- _PROBLEM STATEMENT_
Hand back the entries exactly as written, minus every picture.

Web page caption snippets
====
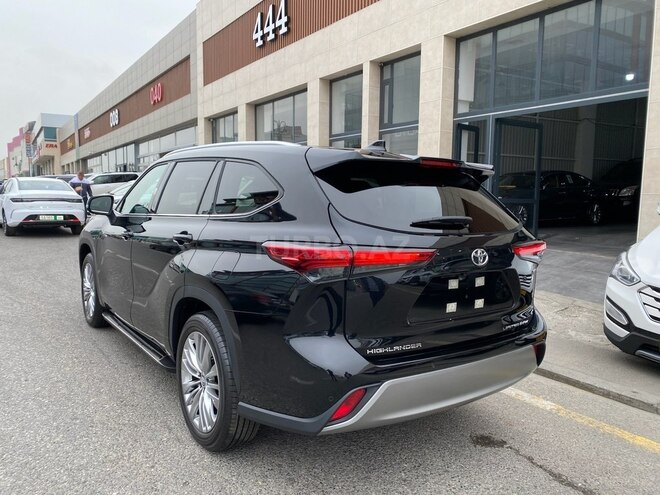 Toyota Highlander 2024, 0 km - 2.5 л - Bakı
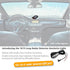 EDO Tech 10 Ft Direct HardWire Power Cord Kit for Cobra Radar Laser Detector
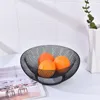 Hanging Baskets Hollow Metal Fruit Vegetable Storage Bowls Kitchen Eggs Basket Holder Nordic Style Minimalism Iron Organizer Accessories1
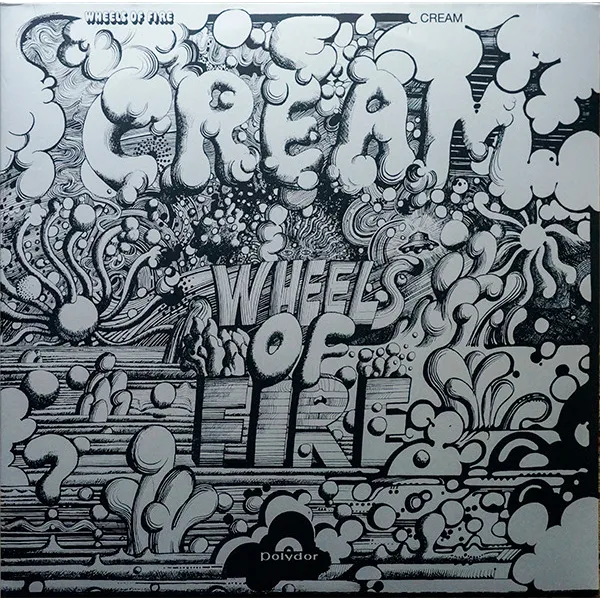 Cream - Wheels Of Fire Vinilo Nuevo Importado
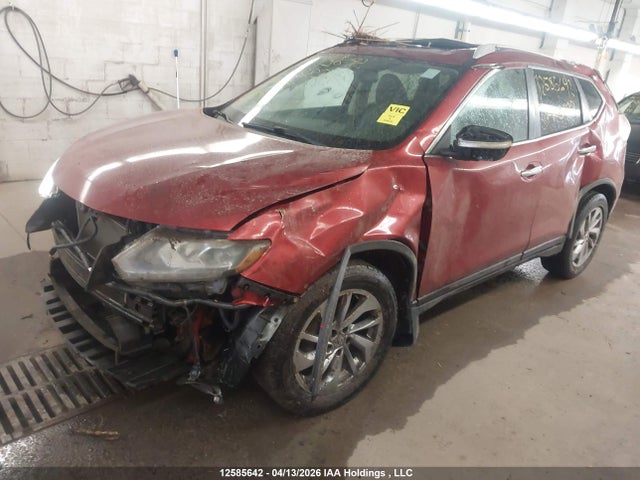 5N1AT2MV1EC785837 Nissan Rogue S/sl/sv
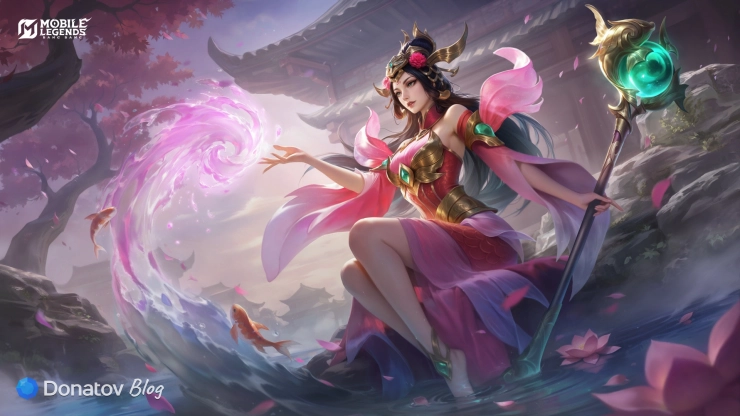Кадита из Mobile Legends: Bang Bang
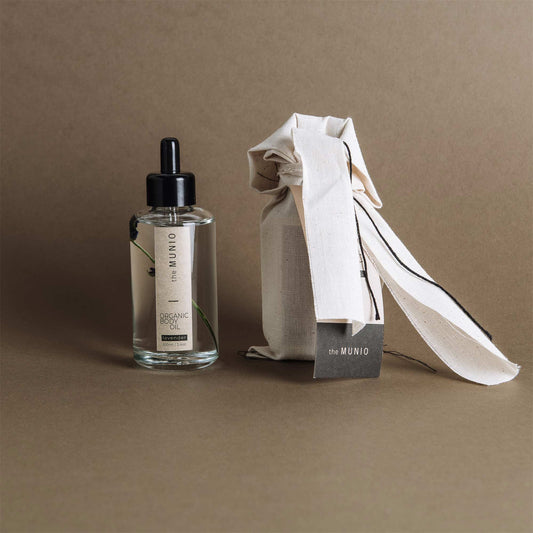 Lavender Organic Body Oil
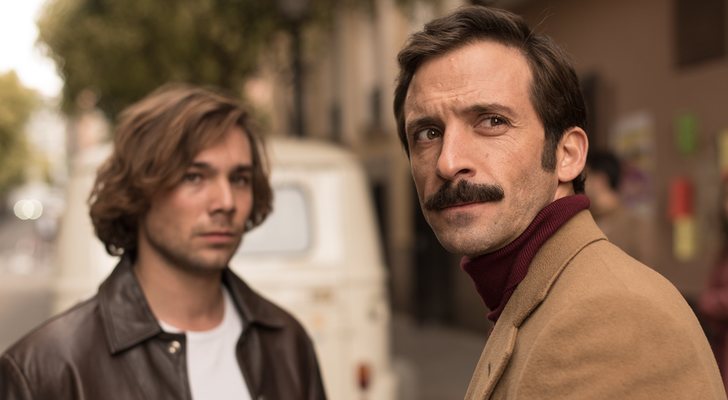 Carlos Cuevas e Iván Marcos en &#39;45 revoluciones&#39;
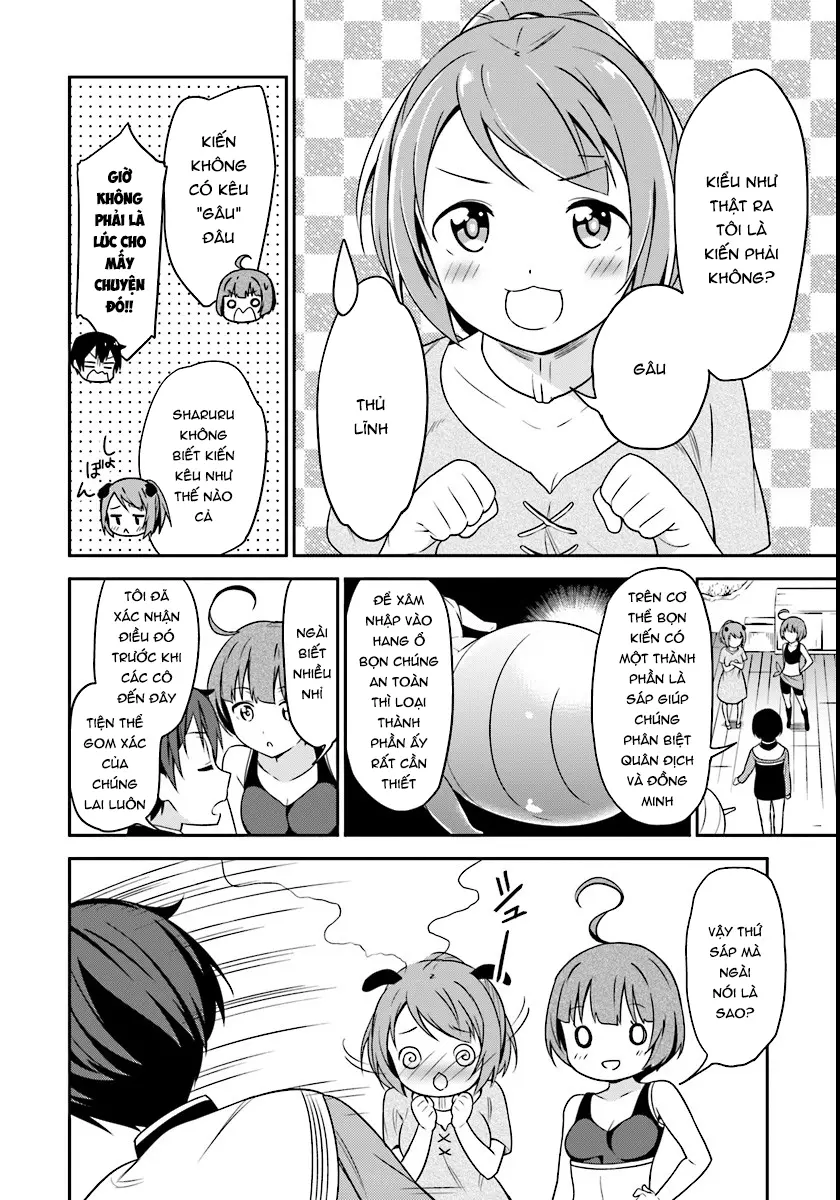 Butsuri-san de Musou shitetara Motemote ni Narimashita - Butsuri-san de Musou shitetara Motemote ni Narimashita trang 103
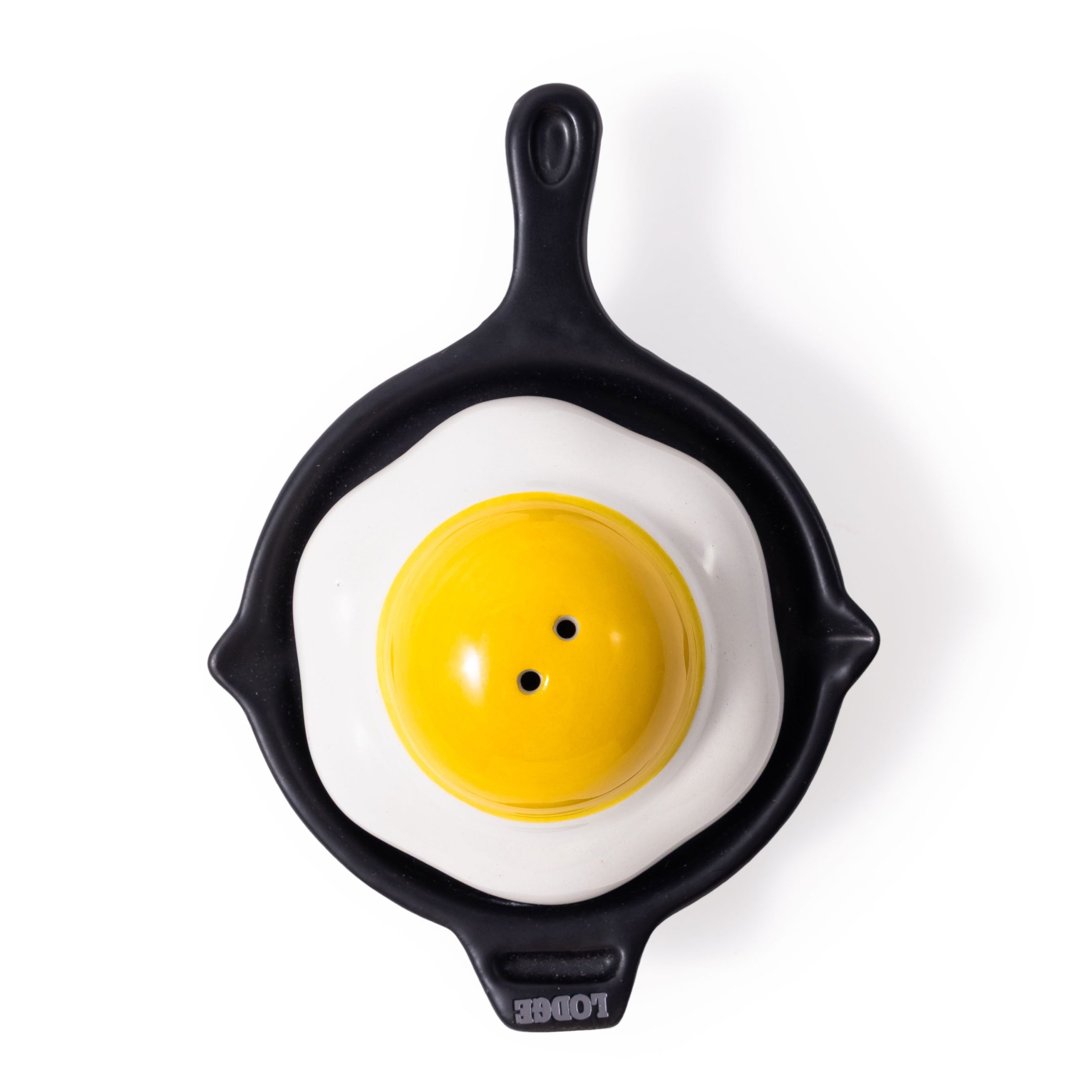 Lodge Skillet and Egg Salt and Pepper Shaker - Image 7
====
- _EXERCISE RESPONSE_
 Toyota Highlander 2024, 0 km - 2.5 л - Bakı
 EDO Tech 10 Ft Direct HardWire Power Cord Kit for Cobra Radar Laser Detector
 Hanging Baskets Hollow Metal Fruit Vegetable Storage Bowls Kitchen Eggs Basket Holder Nordic Style Minimalism Iron Organizer Accessories1
 Cream - Wheels Of Fire Vinilo Nuevo Importado
 5N1AT2MV1EC785837 Nissan Rogue S/sl/sv
Кадита из Mobile Legends: Bang Bang
 Lavender Organic Body Oil
 Carlos Cuevas e Iván Marcos en &#39;45 revoluciones&#39;
 Butsuri-san de Musou shitetara Motemote ni Narimashita - Butsuri-san de Musou shitetara Motemote ni Narimashita trang 103
 Lodge Skillet and Egg Salt and Pepper Shaker - Image 7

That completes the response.